The Three-Rivers reserve is a haven for rare wildlife, including snow leopard, Tibetan antelope and black-necked cranes. Government-funded roads can allow herding cooperatives to transport their products to the lucrative eastern markets while bringing in ecotourists seeking a wilderness experience epitomised by the nomadic Tibetans.
Of the world’s snow leopards, half live on the Tibetan plateau, and China wants to protect them. Nomads working as wildlife monitors can gather scientific data and deter poachers, while remaining on the land. In 2012, authorities announced paid positions for nearly 10,000 ‘keepers of the grassland’, an official endorsement of the value of herders. The wild yak and plateau wildlife now offer a means for the continued survival of Tibetan culture in this harsh landscape.

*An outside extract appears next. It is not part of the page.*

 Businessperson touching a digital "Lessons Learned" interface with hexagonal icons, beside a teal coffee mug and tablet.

Children begin their first term at a rural school in Qinghai with military exercises on nearby grasslands, but many will graduate unable or unwilling to return to these ancestral pasturelands. Families are provided with a new home and living subsidy to bring their children to town for education, and few return to the old ways.
‘Life is perfect,’ says a taxi-driver father of five, who was resettled last year. Superficially his new home resembles idyllic suburban life, albeit without running water or power for street lights. His village is used for official visits to showcase the success of ecological resettlement and is more attractive than the most common concrete grids. ‘I like the government. I never went to school, but I hope [my children] may go to university one day.’

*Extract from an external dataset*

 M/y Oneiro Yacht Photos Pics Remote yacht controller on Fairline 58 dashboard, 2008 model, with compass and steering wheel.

The resettlement villages are branded ‘thief schools’ or ‘ghettos on the grasslands’ by critics. Despite their high aims of improving education and healthcare, they bring inner-city problems to the rural landscape. Some find new opportunities there, but 70 per cent of resettled Tibetans remain unemployed, relying on government handouts, feeling hopeless and even suffering culture shock.

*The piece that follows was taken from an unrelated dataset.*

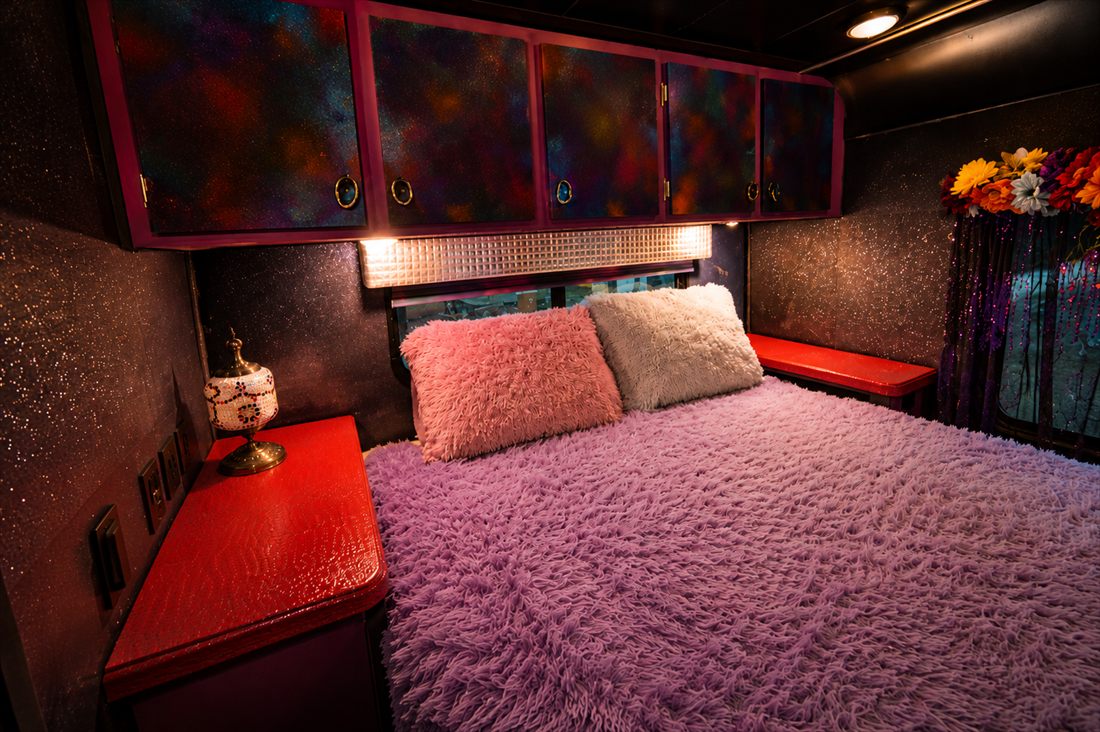 LoveRocket bedroom with glitter walls and plush bedding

Pastoralism may now be a fringe lifestyle, but in fact it always has been so, a scrabble for life in the harshest liveable environment on Earth. Under the torrent flow of China’s economy, drive for urbanisation and the policy of compulsory education, the end of Tibet’s nomads may seem inevitable. Yet herding remains the plateau’s most sustainable lifestyle, and nomads are best placed to conserve the wildlife and land, offering a slender hope of survival against overwhelming odds.